Content starts
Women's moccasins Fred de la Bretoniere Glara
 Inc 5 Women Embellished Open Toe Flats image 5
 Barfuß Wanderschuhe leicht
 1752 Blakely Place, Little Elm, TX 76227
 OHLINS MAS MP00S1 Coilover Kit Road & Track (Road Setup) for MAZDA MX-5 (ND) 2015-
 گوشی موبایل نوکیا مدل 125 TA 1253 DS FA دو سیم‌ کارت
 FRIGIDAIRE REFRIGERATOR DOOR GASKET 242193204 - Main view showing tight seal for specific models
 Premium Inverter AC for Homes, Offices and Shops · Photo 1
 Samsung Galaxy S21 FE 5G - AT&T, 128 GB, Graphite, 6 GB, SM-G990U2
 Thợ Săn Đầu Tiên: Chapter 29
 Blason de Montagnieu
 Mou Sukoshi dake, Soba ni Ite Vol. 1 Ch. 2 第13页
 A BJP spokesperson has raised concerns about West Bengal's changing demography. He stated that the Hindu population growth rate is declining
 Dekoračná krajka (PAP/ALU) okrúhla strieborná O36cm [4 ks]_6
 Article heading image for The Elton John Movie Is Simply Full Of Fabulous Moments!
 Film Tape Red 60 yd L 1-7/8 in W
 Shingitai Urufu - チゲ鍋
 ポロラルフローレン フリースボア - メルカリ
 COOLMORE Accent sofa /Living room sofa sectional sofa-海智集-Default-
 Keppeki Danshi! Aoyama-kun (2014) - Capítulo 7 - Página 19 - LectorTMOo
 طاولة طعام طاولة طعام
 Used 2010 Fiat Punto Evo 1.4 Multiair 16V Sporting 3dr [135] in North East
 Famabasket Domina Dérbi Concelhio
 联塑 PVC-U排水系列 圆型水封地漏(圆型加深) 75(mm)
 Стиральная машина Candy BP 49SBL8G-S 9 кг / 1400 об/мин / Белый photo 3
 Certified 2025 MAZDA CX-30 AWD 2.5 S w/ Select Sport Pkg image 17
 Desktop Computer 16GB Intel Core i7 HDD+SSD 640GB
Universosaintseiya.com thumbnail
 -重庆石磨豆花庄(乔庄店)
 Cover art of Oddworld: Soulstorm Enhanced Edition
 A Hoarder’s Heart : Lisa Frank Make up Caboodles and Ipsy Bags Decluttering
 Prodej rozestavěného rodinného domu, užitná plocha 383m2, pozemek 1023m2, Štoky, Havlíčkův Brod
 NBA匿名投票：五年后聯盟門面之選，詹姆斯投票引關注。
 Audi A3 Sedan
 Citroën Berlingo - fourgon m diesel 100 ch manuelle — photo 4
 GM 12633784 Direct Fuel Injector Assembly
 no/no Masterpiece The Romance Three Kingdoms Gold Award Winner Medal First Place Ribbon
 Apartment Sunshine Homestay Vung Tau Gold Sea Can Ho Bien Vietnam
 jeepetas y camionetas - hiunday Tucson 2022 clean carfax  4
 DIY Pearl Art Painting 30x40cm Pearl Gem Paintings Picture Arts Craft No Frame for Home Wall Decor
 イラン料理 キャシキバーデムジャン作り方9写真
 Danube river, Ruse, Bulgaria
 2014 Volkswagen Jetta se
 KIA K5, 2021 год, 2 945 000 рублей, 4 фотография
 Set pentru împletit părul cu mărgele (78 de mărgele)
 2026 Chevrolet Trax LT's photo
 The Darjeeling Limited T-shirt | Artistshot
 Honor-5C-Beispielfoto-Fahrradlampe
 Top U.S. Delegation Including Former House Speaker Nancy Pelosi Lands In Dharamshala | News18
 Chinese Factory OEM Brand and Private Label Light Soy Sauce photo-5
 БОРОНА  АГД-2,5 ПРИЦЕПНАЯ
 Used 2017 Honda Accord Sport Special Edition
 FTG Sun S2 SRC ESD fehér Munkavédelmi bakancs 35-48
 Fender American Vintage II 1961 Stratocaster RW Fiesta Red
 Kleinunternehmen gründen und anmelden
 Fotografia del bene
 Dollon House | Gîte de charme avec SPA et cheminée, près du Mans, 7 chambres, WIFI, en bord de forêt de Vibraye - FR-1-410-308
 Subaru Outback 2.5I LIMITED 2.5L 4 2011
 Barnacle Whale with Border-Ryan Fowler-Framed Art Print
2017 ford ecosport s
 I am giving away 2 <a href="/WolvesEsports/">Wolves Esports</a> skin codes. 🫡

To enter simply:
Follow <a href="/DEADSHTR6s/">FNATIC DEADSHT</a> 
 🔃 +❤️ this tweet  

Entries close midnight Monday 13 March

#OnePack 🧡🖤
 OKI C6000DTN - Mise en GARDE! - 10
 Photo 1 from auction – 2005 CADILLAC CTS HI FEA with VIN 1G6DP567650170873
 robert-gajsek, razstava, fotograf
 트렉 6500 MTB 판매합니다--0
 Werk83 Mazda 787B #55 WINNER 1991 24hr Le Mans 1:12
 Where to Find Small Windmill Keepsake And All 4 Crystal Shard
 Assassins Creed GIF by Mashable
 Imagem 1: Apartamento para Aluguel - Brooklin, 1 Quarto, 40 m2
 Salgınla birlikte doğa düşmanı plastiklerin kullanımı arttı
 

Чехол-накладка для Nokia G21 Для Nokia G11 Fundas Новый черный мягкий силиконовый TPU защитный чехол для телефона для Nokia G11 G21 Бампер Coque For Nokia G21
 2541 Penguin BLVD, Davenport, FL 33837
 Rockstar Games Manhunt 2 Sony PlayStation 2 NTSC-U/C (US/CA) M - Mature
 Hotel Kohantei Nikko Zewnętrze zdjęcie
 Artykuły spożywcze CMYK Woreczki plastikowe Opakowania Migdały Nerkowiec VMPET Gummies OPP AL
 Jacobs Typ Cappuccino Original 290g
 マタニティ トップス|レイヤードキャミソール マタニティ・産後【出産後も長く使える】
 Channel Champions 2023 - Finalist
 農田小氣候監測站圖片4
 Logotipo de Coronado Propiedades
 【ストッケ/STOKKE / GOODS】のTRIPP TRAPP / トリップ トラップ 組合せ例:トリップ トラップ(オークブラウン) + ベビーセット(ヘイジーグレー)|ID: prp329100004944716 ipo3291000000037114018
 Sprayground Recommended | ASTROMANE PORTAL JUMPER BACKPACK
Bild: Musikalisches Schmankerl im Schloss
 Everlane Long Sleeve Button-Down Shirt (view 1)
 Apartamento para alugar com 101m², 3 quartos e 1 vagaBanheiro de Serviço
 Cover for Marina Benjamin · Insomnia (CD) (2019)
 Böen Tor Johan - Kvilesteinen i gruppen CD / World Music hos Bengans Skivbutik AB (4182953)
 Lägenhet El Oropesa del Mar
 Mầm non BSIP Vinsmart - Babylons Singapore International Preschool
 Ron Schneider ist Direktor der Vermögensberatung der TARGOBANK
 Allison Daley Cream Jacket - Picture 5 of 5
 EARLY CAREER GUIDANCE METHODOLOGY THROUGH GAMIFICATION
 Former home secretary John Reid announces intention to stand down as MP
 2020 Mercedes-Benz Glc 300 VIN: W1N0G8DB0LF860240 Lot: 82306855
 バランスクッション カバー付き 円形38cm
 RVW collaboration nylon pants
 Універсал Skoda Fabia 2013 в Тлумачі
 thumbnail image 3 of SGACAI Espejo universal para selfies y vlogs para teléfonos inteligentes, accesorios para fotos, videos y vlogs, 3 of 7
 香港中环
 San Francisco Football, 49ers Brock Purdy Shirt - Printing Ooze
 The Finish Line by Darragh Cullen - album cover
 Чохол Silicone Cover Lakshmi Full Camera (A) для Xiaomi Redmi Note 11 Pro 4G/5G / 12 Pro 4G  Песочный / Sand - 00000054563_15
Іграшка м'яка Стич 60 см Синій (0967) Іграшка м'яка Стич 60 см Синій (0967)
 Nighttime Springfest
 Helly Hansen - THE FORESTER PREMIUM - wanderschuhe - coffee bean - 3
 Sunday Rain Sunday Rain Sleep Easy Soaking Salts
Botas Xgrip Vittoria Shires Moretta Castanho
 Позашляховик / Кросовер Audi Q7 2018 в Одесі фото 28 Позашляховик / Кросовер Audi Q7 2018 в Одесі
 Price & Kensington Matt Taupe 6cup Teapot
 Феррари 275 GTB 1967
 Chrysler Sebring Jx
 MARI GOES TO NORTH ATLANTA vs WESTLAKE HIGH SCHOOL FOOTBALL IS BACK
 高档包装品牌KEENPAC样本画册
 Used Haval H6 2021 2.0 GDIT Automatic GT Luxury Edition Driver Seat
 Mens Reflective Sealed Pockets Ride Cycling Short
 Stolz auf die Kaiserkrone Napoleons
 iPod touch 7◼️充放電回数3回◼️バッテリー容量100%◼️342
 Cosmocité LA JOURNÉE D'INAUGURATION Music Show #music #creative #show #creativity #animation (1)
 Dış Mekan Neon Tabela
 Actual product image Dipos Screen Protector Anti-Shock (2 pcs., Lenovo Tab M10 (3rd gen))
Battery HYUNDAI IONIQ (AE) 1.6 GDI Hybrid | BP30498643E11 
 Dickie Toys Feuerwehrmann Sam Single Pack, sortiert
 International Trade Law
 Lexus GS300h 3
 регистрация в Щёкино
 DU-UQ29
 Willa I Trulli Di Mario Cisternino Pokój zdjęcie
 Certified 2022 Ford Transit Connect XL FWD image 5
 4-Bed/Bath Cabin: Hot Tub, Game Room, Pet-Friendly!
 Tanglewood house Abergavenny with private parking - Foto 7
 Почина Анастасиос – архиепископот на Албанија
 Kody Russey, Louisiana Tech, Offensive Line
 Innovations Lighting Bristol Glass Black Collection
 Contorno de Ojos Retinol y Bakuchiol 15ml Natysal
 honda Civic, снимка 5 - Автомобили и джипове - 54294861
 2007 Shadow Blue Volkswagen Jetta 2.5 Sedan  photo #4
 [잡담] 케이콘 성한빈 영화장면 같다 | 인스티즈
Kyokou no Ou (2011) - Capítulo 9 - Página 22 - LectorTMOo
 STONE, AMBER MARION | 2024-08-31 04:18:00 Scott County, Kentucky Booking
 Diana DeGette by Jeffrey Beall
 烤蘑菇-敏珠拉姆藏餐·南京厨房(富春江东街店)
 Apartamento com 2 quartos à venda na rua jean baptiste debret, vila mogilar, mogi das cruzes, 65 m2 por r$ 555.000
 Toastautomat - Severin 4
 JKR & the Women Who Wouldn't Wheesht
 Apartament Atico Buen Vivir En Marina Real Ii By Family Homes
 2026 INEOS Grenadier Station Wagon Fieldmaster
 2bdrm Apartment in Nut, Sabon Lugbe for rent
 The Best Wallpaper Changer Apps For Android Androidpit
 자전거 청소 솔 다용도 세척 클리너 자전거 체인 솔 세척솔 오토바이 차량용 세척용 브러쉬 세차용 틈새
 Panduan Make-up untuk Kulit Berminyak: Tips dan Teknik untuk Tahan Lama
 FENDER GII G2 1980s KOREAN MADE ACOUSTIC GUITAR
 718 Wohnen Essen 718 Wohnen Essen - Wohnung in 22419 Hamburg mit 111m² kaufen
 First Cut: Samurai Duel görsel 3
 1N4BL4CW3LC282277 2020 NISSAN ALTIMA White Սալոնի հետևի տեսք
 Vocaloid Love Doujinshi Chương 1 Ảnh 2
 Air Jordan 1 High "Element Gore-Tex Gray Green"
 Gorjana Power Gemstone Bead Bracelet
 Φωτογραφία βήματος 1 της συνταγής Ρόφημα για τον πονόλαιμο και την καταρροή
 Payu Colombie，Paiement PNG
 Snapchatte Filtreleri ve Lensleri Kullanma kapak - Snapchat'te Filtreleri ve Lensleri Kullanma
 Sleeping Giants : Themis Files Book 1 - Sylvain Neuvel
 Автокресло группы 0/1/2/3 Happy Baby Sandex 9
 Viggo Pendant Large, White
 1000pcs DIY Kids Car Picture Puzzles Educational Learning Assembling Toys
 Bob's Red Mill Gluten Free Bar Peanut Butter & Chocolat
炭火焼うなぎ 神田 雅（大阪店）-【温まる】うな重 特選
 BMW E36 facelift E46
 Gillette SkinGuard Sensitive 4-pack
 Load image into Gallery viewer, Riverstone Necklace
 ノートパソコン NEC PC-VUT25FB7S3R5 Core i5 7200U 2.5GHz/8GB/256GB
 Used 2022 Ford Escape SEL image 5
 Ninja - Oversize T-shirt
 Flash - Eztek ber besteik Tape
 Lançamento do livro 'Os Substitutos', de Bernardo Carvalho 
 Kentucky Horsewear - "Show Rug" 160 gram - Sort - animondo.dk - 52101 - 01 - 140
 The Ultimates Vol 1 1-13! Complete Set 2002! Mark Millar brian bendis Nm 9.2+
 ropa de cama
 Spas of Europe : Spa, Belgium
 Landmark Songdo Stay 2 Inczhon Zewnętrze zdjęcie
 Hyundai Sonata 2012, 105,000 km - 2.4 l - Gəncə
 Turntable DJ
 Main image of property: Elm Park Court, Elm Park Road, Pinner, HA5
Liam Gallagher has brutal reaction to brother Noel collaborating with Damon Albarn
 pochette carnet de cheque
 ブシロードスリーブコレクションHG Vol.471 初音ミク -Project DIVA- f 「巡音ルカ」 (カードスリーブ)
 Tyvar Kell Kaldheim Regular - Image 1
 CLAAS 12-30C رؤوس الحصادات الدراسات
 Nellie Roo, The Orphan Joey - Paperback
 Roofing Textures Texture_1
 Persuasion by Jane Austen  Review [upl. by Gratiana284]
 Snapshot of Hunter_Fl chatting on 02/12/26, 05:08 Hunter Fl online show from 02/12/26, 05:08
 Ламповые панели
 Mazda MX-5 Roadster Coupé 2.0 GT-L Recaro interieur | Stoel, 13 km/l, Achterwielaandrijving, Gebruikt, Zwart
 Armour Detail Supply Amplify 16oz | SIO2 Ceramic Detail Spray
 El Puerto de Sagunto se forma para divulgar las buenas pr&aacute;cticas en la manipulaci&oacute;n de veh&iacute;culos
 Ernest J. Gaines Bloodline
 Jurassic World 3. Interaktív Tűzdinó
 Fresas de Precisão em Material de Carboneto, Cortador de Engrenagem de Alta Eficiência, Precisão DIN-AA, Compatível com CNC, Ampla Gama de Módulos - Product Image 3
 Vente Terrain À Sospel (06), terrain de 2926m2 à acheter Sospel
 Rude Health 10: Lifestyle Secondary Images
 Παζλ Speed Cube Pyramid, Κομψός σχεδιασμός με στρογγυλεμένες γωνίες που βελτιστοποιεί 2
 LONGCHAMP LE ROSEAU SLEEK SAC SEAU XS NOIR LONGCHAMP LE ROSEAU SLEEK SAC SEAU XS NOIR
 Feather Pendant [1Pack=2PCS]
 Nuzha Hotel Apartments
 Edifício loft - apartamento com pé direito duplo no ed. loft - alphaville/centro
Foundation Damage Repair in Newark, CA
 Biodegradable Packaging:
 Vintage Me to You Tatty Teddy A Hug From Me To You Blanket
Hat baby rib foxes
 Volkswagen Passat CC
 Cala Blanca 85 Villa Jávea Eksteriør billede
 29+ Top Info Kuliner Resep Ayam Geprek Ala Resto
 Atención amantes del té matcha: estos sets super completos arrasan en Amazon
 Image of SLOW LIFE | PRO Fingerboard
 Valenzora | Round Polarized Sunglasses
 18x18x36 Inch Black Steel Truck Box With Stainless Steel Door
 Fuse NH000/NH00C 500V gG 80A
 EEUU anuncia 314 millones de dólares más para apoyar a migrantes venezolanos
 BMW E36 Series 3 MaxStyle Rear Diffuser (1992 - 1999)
Content ends
(DIRECTIONS):
Transcribe each line of the data above, unaltered, from the one where "Assassins Creed GIF by Mashable" appears to the one where "Чохол Silicone Cover" appears, inclusive of both.

(WRITTEN REPLY):
 Assassins Creed GIF by Mashable
 Imagem 1: Apartamento para Aluguel - Brooklin, 1 Quarto, 40 m2
 Salgınla birlikte doğa düşmanı plastiklerin kullanımı arttı
 

Чехол-накладка для Nokia G21 Для Nokia G11 Fundas Новый черный мягкий силиконовый TPU защитный чехол для телефона для Nokia G11 G21 Бампер Coque For Nokia G21
 2541 Penguin BLVD, Davenport, FL 33837
 Rockstar Games Manhunt 2 Sony PlayStation 2 NTSC-U/C (US/CA) M - Mature
 Hotel Kohantei Nikko Zewnętrze zdjęcie
 Artykuły spożywcze CMYK Woreczki plastikowe Opakowania Migdały Nerkowiec VMPET Gummies OPP AL
 Jacobs Typ Cappuccino Original 290g
 マタニティ トップス|レイヤードキャミソール マタニティ・産後【出産後も長く使える】
 Channel Champions 2023 - Finalist
 農田小氣候監測站圖片4
 Logotipo de Coronado Propiedades
 【ストッケ/STOKKE / GOODS】のTRIPP TRAPP / トリップ トラップ 組合せ例:トリップ トラップ(オークブラウン) + ベビーセット(ヘイジーグレー)|ID: prp329100004944716 ipo3291000000037114018
 Sprayground Recommended | ASTROMANE PORTAL JUMPER BACKPACK
Bild: Musikalisches Schmankerl im Schloss
 Everlane Long Sleeve Button-Down Shirt (view 1)
 Apartamento para alugar com 101m², 3 quartos e 1 vagaBanheiro de Serviço
 Cover for Marina Benjamin · Insomnia (CD) (2019)
 Böen Tor Johan - Kvilesteinen i gruppen CD / World Music hos Bengans Skivbutik AB (4182953)
 Lägenhet El Oropesa del Mar
 Mầm non BSIP Vinsmart - Babylons Singapore International Preschool
 Ron Schneider ist Direktor der Vermögensberatung der TARGOBANK
 Allison Daley Cream Jacket - Picture 5 of 5
 EARLY CAREER GUIDANCE METHODOLOGY THROUGH GAMIFICATION
 Former home secretary John Reid announces intention to stand down as MP
 2020 Mercedes-Benz Glc 300 VIN: W1N0G8DB0LF860240 Lot: 82306855
 バランスクッション カバー付き 円形38cm
 RVW collaboration nylon pants
 Універсал Skoda Fabia 2013 в Тлумачі
 thumbnail image 3 of SGACAI Espejo universal para selfies y vlogs para teléfonos inteligentes, accesorios para fotos, videos y vlogs, 3 of 7
 香港中环
 San Francisco Football, 49ers Brock Purdy Shirt - Printing Ooze
 The Finish Line by Darragh Cullen - album cover
 Чохол Silicone Cover Lakshmi Full Camera (A) для Xiaomi Redmi Note 11 Pro 4G/5G / 12 Pro 4G  Песочный / Sand - 00000054563_15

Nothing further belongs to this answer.